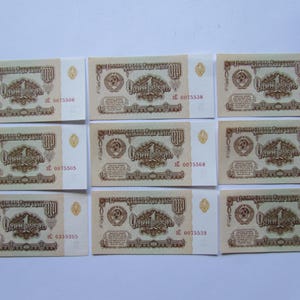 UdSSR - 1 Rubel 1961- Preis für 1 Stück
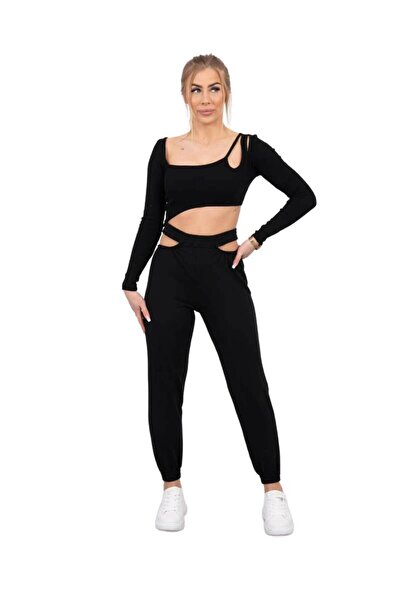 Kesi Set cu bluză și top negru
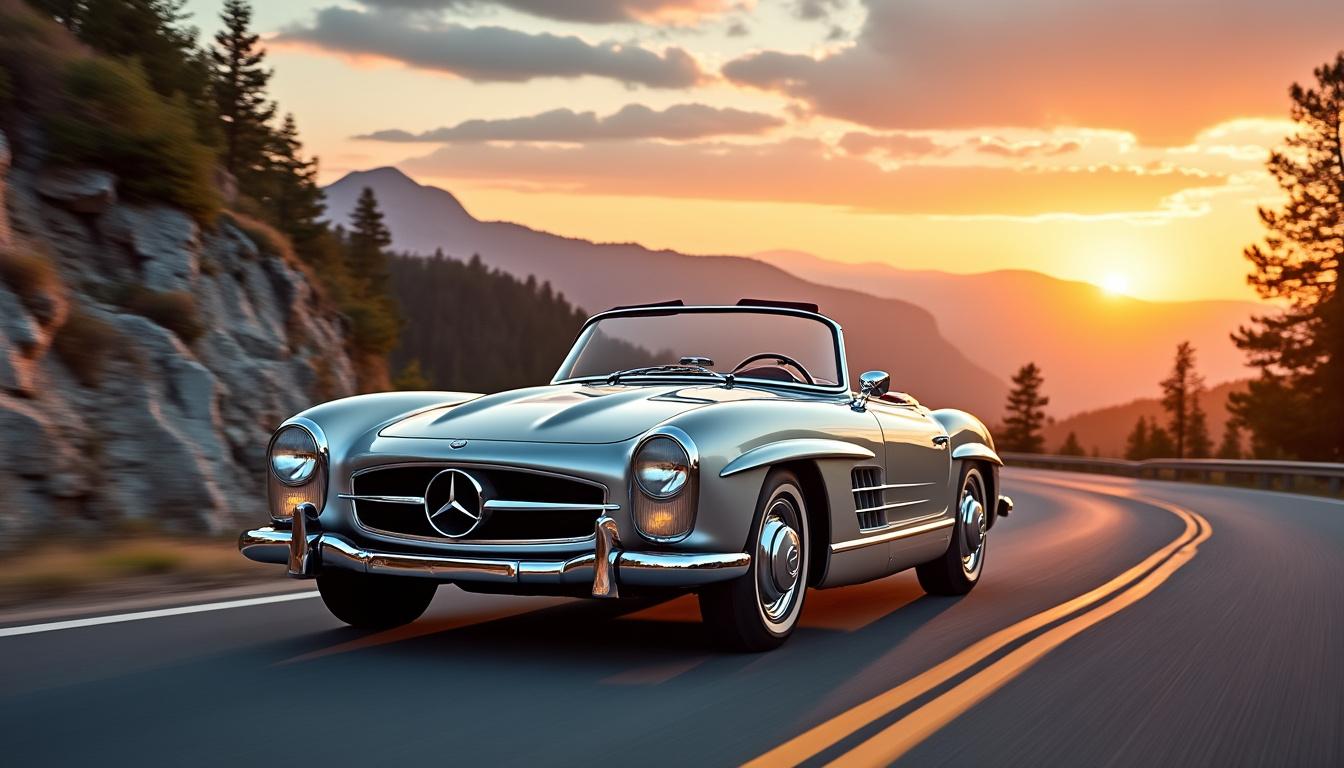découvrez pourquoi la mercedes-benz sl roadster continue de fasciner les passionnés d'automobile en 2026, alliant élégance, performance et innovation.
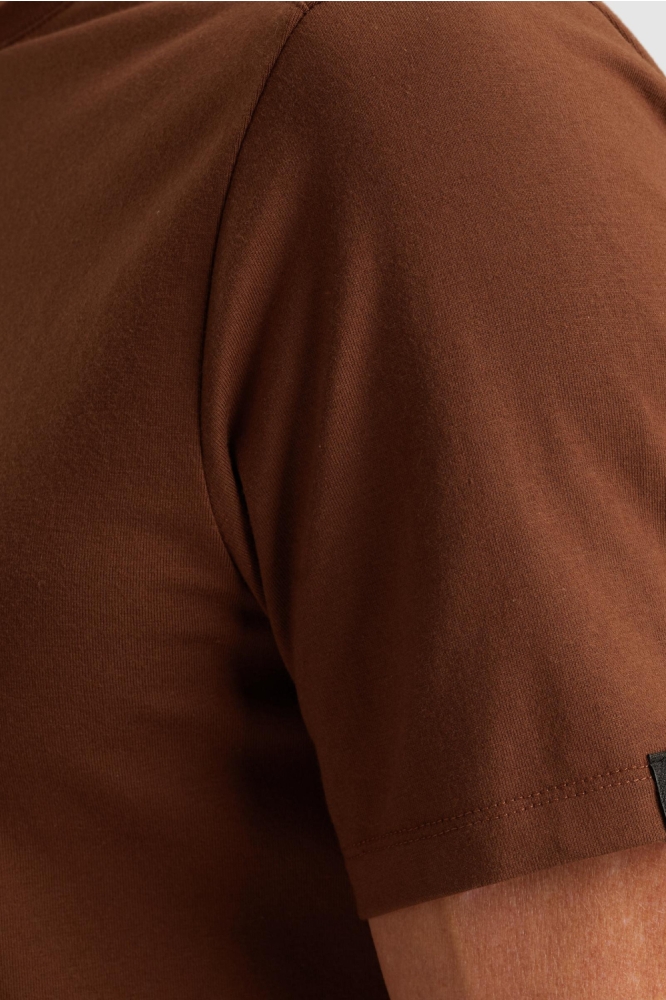 Vanguard bruine heren t-shirt | Unique Selling Point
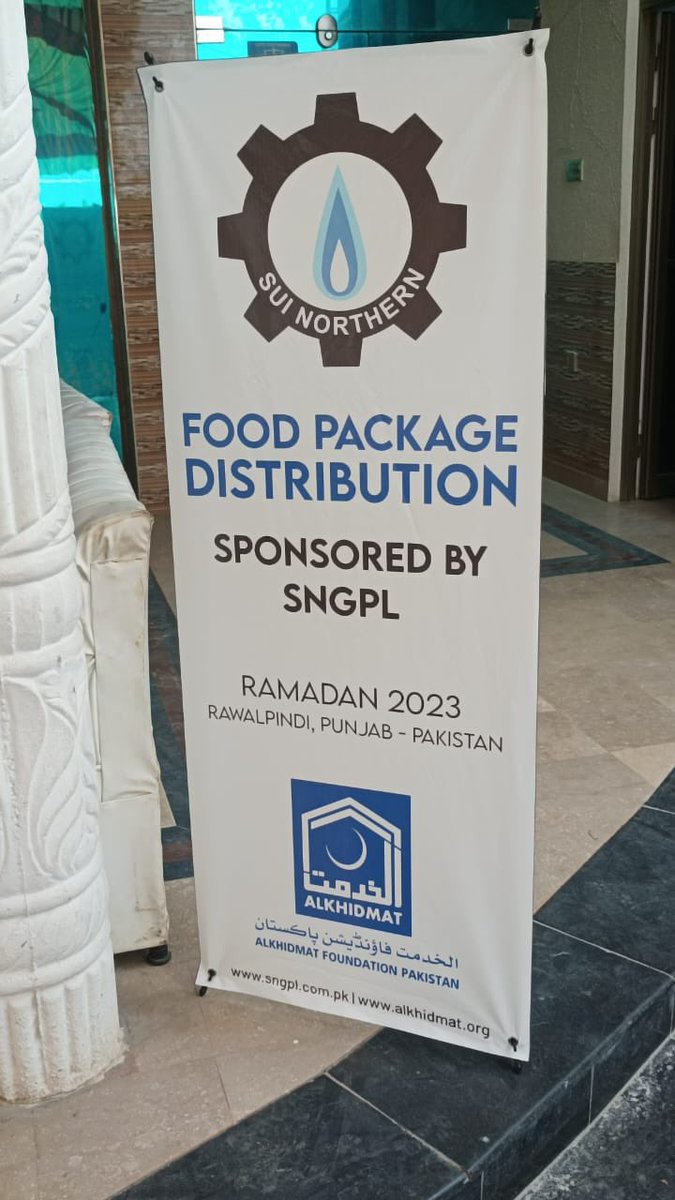 HAkhtar16's tweet photo. Ration Bags Distribution – CSR

Keeping in view the economic slowdown and inflation situation in the Country, Ministry of Energy (Petroleum Division) has advised SNGPL to extend its CSR Program by distributing ration bags of worth Rs. 100 Million to the needy people.
#csr https://t.co/QBSRr9tDOP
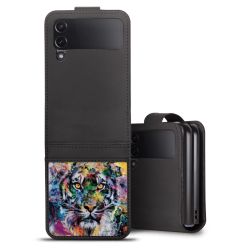 Sideflip with flap  black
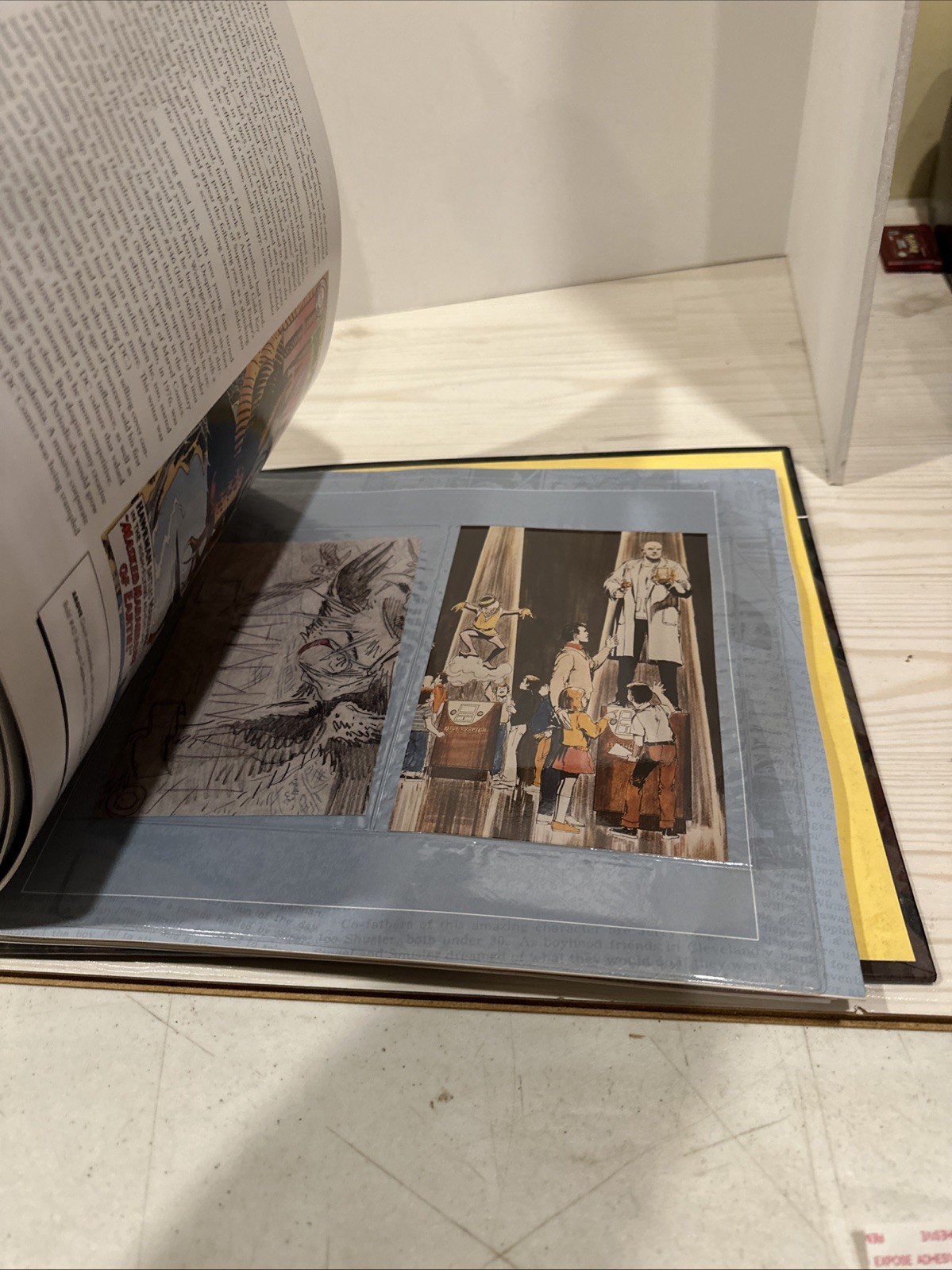The DC Vault: A Museum-in-a-Book with Rare Collectibles from the DC Universe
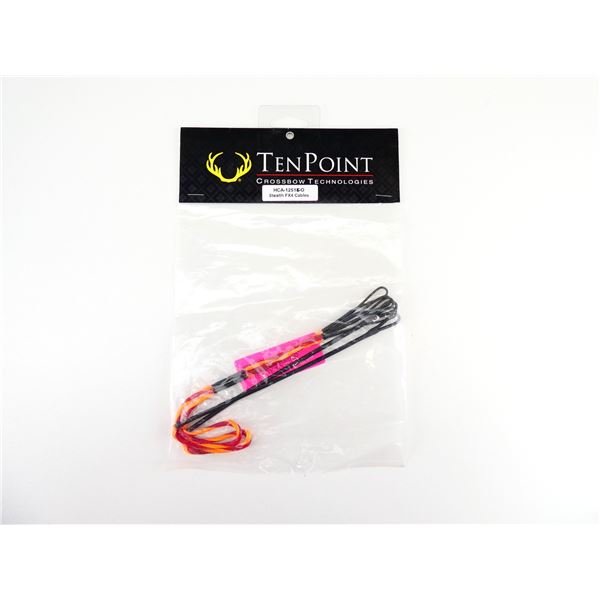 TEN POINT HCA-12515-0 STEALTH FX4 CABLES LOT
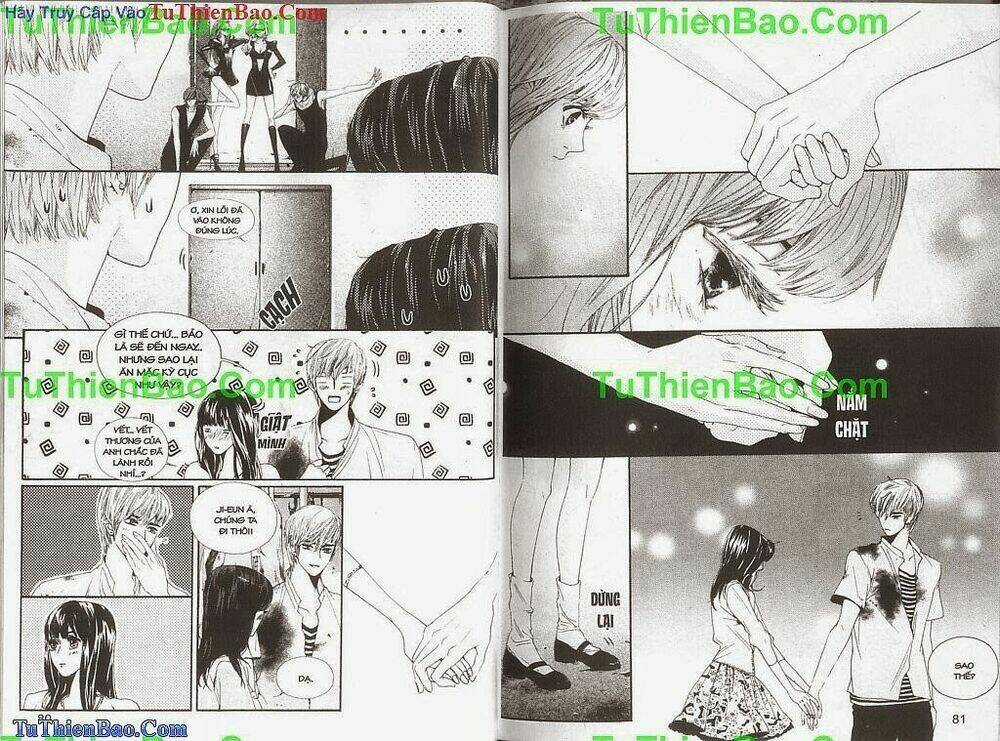 Hồ Ly Lãng Mạn Chapter 2 trang 41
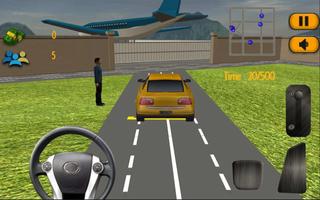 Poster Taxi Driving Simulator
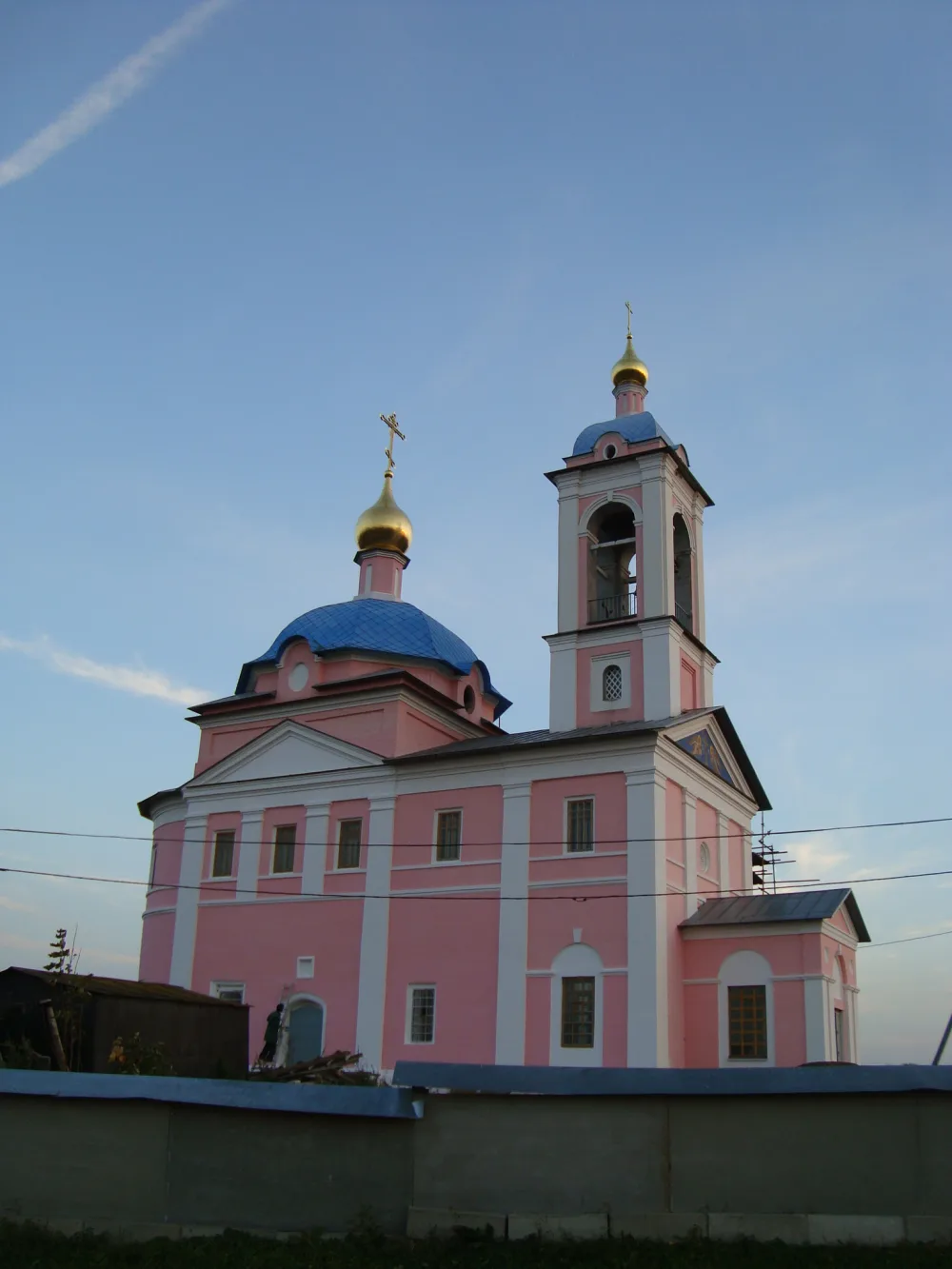 Церковь Воздвижения Креста Господня (Лукино)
::::::
Return only the lines from the one containing "TEN POINT HCA-12515-0 STEALTH FX4 CABLES LOT" through the last line of the entries above, exactly as written and without pictures.

 TEN POINT HCA-12515-0 STEALTH FX4 CABLES LOT
 Hồ Ly Lãng Mạn Chapter 2 trang 41
 Poster Taxi Driving Simulator
 Церковь Воздвижения Креста Господня (Лукино)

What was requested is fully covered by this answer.